Charting Numeric Variables in Excel
Several chart types in Excel lend themselves beautifully to the visual representation of numeric variables. This book relies heavily on charts of that type because most of us find statistical concepts that are difficult to grasp in the abstract are much clearer when they’re illustrated in charts.
Charting Two Variables
Earlier this chapter briefly discussed two chart types that use a category variable on one axis and a numeric variable on the other: Column charts and Bar charts. There are other, similar types of charts, such as Line charts, that are useful for analyzing a numeric variable in terms of different categories—especially time categories such as months, quarters, and years. However, one particular type of Excel chart, called an XY (Scatter) chart, shows the relationship between exactly two numeric variables. Figure 1.8 provides an example.
Figure 1.8 In an XY (Scatter) chart, both the horizontal and vertical axes are value axes.
The markers in an XY chart show where a particular person or object falls on each of two numeric variables. The overall pattern of the markers can tell you quite a bit about the relationship between the variables, as expressed in each record’s measurement. Chapter 4, “How Variables Move Jointly: Correlation,” goes into considerable detail about this sort of relationship.
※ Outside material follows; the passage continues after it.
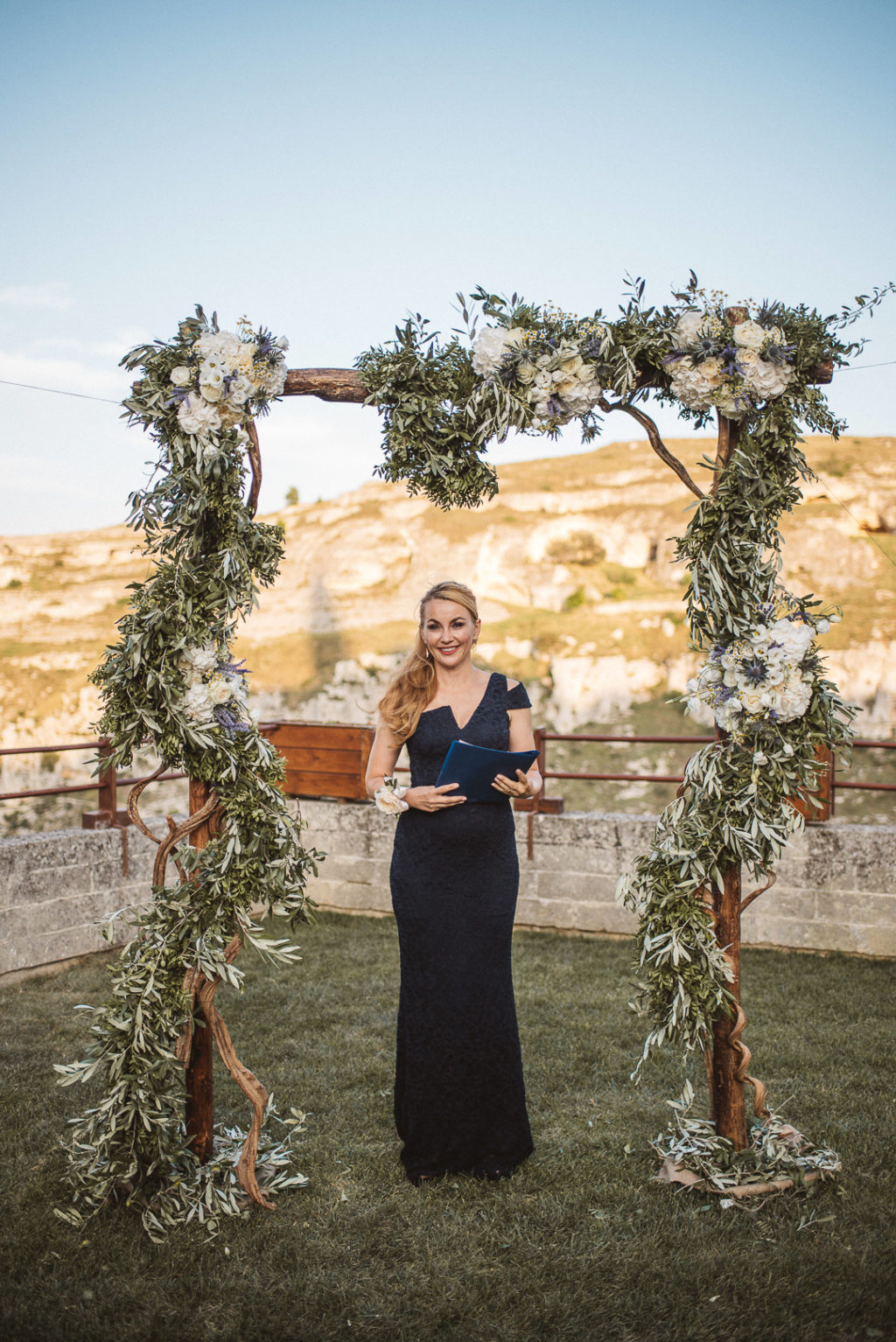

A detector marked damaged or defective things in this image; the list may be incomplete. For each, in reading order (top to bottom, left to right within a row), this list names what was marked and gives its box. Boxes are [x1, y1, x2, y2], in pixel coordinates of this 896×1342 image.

rusty metal post [185, 778, 214, 1164]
In Figure 1.8, for example, you can see the relationship between a person’s height and weight: Generally, the greater the height, the greater the weight. The relationship between the two variables differs fundamentally from those discussed earlier in this chapter, where the emphasis is placed on the sum or average of a numeric variable, such as number of vehicles, according to the category of a nominal variable, such as make of car.
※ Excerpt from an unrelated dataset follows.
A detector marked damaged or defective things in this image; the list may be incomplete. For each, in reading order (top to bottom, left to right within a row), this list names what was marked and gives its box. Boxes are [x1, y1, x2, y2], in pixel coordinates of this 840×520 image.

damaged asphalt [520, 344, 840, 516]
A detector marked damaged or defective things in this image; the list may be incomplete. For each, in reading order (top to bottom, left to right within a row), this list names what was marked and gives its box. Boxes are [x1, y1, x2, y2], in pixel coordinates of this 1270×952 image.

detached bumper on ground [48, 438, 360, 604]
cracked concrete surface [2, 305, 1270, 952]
However, when you are interested in the way that two numeric variables are related, you are asking a different sort of question, and you use a different sort of statistical analysis. How are height and weight related, and how strong is the relationship? Does the amount of time spent on a cell phone correspond in some way to the likelihood of contracting cancer? Do people who spend more years in school eventually make more money? (And if so, does that relationship hold all the way from elementary school to post-graduate degrees?) This is another major class of empirical research and statistical analysis: the investigation of how different variables change together—or, in statistical jargon, how they covary.
Figure 1.9 A trendline graphs a numeric relationship, which is almost never an accurate way to depict reality.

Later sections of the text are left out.